O Buchenwald, we don’t complain and moan,
Whatever our fate may be.
We want to say “yes” to life
Because the day will come when we will be free.

The song gave me courage. I went to Frau Reineke, our new camp commander, who was middle-aged and a mother, and who we hoped would prove more considerate than her predecessor.

“Please, ma’am, even though the mail has stopped, may we have the packages our families have already sent for us? We know our mothers are taking the food out of their own mouths to help feed us. And we know that now the food is spoiling, getting stale, becoming rotten.”

She looked at me with cold eyes and turned me down. From then on, we no longer received food packages.

But there are, thank God, other kinds of food. Pepi must have raided a school trash bin, for he sent us some frayed paper copies of
Don Carlos
, by Friedrich von Schiller. Lily was ecstatic.

Every night with the last of our light and the last of our strength, we sat and read that eighteenth-century play as though we were girls in a drama class. Another girl came to protest that we were making too much noise. She ended up becoming our audience.

I played King Philip, the tyrant who has his own son, Don Carlos, murdered rather than liberalize his policies and let his subjects live in freedom. Do you think there was a single one of us who did not identify with the son, who did not hear his words and remember Evian-les-Bains?

I have no one, no one [cried Mina as Don Carlos],
In all this great and far-flung earth, no one….
There is no place—not one—not one
At which I may disburden myself of my dreams.

We all understood that King Philip was the progenitor of Hitler.

The welfare of citizens blooms here in cloudless peace! [I declared, playing the angry defensive monarch.]
The peace of cemeteries! [sneered Lily, playing the progressive Marquis of Posa.]
Thousands have already fled from your lands, poor but happy.
And the subjects that you have lost for the faith’s sake were your most noble ones.

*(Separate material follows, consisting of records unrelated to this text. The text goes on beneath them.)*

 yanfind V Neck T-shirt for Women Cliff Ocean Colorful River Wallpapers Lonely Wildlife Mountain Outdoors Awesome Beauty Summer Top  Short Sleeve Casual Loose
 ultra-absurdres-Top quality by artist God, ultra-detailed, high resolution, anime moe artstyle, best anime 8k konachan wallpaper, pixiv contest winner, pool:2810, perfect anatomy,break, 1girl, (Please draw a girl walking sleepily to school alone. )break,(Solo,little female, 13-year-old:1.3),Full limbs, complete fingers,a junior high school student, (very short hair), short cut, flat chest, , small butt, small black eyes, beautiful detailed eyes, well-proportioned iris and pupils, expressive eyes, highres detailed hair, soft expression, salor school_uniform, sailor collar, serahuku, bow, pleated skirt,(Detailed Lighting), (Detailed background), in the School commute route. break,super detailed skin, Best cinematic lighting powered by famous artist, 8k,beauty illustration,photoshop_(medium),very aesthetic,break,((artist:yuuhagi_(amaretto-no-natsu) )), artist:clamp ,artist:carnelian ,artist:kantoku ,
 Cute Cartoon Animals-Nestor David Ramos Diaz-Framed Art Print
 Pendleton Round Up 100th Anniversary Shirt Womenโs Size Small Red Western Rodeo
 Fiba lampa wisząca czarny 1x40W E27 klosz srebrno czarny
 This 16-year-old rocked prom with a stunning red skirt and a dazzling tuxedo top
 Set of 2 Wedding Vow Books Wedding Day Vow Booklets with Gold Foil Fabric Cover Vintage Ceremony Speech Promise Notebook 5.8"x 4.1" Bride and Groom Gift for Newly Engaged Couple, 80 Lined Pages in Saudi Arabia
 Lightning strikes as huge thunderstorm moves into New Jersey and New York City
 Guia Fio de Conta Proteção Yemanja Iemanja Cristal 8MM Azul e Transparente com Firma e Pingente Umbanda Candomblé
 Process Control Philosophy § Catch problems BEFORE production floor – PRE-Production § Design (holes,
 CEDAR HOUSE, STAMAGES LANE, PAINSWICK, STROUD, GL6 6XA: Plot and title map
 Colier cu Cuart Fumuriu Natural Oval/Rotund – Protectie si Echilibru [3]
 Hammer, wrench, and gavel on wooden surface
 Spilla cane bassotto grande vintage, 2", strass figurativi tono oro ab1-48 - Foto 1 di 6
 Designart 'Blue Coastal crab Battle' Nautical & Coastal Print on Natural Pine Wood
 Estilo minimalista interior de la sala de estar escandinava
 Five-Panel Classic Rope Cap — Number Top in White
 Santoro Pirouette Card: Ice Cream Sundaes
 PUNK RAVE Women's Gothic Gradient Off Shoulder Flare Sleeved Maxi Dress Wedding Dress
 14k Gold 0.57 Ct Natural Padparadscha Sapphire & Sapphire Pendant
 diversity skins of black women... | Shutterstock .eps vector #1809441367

We thought of Thomas Mann, Freud, Einstein. I thought of Uncle Richard and Aunt Roszi, Mimi and Milo and our little Hansi. Were they all not Austria-Germany’s most noble subjects, fled abroad, poor but happy?

It seems incredible, but in hindsight I believe Schiller himself was sending us a message, a warning about the Final Solution through his old play.

Said the king to the Grand Inquisitor:

Can you create a new religion which will
Support the bloody murder of a son? …
Do you agree to sow this notion
Throughout all Europe?

And the answer was yes.

We were Germany’s children. A new religion demanding our “bloody murder” had been promulgated throughout Europe, with
the cooperation of the church. Had we Viennese not witnessed the way Cardinal Innitzer, the head of Austria’s Catholics, greeted Hitler with the Nazi salute after the Anschluss?

I did not realize it then, but through art, we might have understood reality.

On January 18, 1942, I got my menstrual period again for the first time in almost a year.

 

I
N
F
EBRUARY
, I came down with scarlet fever. So did a young, chunky girl, Anneliese, who had once led a privileged life.

For two weeks, I lay sweating and running a fever in the Bestehorn infirmary. I was wild with anxiety. I couldn’t be sick! If I were sick and no use to Bestehorn, they might send Mama to Poland! I said I was well when I wasn’t. I tried to get out of bed. The nurse locked us in. She brought our food and disappeared. If we got better, fine. If we didn’t, so be it.

Actually, scarlet fever was the best thing that could have happened to me, because I was exhausted and terribly weak. I needed food and prolonged rest, and that was exactly what I got: six weeks of food and rest. I am sure the scarlet fever saved my life.

By the time I could work again, it was the middle of March. I found the barracks emptier. Mama had been writing cheerful letters; she and a man named Max Hausner were in love, and I had been delighted and hoped she would marry him. But now her letters became fragmented, disjointed, as though she couldn’t organize her thoughts.